How to Update and Upgrade Packages on Linux in 2026
Keep your Linux system secure and up to date using apt, dnf, or pacman — with practical commands for Ubuntu, Fedora, and Arch.
Why Updating Matters
Updating your Linux packages fixes security vulnerabilities, delivers bug fixes, and brings new features. Unlike Windows, Linux package managers update nearly everything on your system — the OS, applications, and libraries — in one place.
Ubuntu, Debian, and Linux Mint — apt
apt is the package manager for Debian-based distributions. Always run two commands together:
sudo apt update
sudo apt upgrade -y
apt update refreshes the list of available packages. apt upgrade actually installs the updates. The -y flag skips the confirmation prompt.
For a full system upgrade that can add or remove packages to resolve dependencies:
sudo apt full-upgrade -y
Clean up old packages no longer needed:
sudo apt autoremove -y
Fedora and RHEL — dnf
Fedora uses dnf, which handles updates and upgrades in a single command:
sudo dnf upgrade --refresh -y
The --refresh flag forces a metadata sync first. To also check for firmware updates via fwupd:
sudo fwupdmgr refresh
sudo fwupdmgr update
Arch Linux and Manjaro — pacman
Arch uses pacman with a single command for a full system upgrade:
sudo pacman -Syu
-S syncs, y refreshes the database, u upgrades all packages. Never partially upgrade Arch; always run the full -Syu.

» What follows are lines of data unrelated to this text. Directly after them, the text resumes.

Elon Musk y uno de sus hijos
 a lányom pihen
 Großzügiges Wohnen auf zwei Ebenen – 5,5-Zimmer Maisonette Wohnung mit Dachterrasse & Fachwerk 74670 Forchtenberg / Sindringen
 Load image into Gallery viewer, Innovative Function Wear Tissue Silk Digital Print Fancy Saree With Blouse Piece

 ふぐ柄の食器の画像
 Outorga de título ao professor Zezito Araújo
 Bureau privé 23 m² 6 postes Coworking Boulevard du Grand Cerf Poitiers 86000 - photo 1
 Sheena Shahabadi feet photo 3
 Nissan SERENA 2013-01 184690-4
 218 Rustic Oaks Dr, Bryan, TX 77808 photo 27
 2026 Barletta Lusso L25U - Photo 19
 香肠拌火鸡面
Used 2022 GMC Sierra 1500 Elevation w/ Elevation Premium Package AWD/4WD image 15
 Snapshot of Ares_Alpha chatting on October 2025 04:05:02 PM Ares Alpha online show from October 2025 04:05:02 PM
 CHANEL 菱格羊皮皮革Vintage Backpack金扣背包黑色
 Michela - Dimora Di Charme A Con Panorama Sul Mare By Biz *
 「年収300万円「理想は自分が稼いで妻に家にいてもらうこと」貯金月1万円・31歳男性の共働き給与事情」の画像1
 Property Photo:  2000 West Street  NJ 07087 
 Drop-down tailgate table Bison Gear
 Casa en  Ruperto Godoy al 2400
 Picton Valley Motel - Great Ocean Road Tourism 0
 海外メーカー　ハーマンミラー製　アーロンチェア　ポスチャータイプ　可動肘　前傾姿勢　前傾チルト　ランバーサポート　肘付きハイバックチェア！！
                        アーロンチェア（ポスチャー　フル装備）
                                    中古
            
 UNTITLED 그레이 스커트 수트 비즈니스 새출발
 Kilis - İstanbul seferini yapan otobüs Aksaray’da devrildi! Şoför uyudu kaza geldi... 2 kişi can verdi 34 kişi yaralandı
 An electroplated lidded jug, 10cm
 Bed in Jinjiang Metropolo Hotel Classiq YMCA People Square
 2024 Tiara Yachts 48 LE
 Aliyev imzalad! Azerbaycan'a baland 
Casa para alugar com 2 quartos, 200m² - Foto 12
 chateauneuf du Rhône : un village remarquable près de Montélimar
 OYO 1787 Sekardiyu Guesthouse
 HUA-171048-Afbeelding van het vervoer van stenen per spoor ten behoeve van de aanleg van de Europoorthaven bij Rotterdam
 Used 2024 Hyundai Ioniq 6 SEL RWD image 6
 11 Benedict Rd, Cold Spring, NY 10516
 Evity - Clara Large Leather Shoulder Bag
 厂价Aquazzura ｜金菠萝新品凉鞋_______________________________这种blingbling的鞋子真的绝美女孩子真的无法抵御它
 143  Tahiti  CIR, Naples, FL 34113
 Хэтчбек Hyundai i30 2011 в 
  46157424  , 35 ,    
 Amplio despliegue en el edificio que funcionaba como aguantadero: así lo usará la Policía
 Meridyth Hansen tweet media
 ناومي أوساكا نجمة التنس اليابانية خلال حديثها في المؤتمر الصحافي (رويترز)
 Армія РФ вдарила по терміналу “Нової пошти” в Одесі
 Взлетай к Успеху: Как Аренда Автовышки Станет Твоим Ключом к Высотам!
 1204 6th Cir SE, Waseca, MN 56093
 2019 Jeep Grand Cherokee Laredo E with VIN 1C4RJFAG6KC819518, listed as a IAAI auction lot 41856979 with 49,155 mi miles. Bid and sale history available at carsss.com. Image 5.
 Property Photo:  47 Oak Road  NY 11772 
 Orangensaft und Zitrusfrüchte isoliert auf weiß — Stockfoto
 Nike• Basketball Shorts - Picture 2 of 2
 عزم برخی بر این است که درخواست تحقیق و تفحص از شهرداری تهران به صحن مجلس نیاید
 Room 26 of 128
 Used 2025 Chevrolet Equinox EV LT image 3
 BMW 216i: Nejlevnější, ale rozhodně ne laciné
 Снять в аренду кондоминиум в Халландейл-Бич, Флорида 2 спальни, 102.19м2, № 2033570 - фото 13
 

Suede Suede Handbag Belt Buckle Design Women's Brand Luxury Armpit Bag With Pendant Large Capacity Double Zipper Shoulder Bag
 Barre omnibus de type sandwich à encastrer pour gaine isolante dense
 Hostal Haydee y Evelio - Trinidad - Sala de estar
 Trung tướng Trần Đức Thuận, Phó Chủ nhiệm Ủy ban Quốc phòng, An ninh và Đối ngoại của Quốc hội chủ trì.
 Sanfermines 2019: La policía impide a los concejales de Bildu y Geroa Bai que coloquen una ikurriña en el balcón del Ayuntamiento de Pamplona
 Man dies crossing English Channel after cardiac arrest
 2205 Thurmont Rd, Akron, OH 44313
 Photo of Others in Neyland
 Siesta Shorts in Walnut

How Often Should You Update?
- Servers: weekly, or as soon as security patches drop
- Desktops/WSL: monthly is usually fine
- After a fresh install: immediately, before installing anything else
Quick Reference
- Ubuntu/Debian:
sudo apt update && sudo apt upgrade -y - Fedora:
sudo dnf upgrade --refresh -y - Arch:
sudo pacman -Syu
Keeping your system updated is the single most impactful thing you can do for Linux security.